#### Your objective:
Extract every line from the records below that contains the word "Wedding".

#### Record excerpts:
┏━━

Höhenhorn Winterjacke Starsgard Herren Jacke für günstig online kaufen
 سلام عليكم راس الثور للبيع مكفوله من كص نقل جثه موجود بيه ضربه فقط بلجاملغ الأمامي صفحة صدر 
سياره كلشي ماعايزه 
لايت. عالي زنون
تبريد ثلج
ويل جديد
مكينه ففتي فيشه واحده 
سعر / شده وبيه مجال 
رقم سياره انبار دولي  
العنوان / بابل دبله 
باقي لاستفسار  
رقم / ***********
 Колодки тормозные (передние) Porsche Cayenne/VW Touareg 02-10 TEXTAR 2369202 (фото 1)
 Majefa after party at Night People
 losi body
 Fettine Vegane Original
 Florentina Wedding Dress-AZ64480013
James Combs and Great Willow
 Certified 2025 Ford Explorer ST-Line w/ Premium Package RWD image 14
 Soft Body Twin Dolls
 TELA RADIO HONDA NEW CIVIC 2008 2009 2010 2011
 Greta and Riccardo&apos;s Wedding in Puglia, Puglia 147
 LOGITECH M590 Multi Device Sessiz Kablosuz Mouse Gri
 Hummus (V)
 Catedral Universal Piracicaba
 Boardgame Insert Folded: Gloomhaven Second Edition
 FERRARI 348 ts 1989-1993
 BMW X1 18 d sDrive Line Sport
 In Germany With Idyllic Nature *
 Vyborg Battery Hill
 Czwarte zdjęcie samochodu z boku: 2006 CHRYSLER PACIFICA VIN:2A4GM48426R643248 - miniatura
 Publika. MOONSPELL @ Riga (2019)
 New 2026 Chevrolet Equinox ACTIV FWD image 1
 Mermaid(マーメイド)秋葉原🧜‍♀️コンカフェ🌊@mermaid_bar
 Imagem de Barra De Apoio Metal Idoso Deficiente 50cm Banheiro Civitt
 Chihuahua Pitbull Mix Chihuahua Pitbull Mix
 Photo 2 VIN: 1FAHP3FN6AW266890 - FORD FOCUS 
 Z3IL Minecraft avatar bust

┗━━

#### Solution to this task:
 Florentina Wedding Dress-AZ64480013
 Greta and Riccardo&apos;s Wedding in Puglia, Puglia 147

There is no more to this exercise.